Retyping the records exactly, down to the last line, is the whole job.

** Available data follows **

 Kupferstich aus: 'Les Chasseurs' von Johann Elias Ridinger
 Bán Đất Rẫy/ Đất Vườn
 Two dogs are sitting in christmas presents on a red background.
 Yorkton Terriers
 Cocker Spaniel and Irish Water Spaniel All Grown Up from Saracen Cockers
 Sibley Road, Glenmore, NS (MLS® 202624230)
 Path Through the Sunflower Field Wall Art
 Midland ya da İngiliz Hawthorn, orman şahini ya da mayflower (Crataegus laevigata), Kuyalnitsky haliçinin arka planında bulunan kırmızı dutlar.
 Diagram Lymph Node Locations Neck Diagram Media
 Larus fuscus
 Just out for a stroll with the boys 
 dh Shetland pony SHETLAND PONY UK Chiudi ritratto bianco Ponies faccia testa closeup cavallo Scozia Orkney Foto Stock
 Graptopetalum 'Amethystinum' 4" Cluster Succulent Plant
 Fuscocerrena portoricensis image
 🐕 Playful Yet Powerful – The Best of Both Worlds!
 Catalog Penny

** End of Available data **

= Task output =
 Kupferstich aus: 'Les Chasseurs' von Johann Elias Ridinger
 Bán Đất Rẫy/ Đất Vườn
 Two dogs are sitting in christmas presents on a red background.
 Yorkton Terriers
 Cocker Spaniel and Irish Water Spaniel All Grown Up from Saracen Cockers
 Sibley Road, Glenmore, NS (MLS® 202624230)
 Path Through the Sunflower Field Wall Art
 Midland ya da İngiliz Hawthorn, orman şahini ya da mayflower (Crataegus laevigata), Kuyalnitsky haliçinin arka planında bulunan kırmızı dutlar.
 Diagram Lymph Node Locations Neck Diagram Media
 Larus fuscus
 Just out for a stroll with the boys 
 dh Shetland pony SHETLAND PONY UK Chiudi ritratto bianco Ponies faccia testa closeup cavallo Scozia Orkney Foto Stock
 Graptopetalum 'Amethystinum' 4" Cluster Succulent Plant
 Fuscocerrena portoricensis image
 🐕 Playful Yet Powerful – The Best of Both Worlds!
 Catalog Penny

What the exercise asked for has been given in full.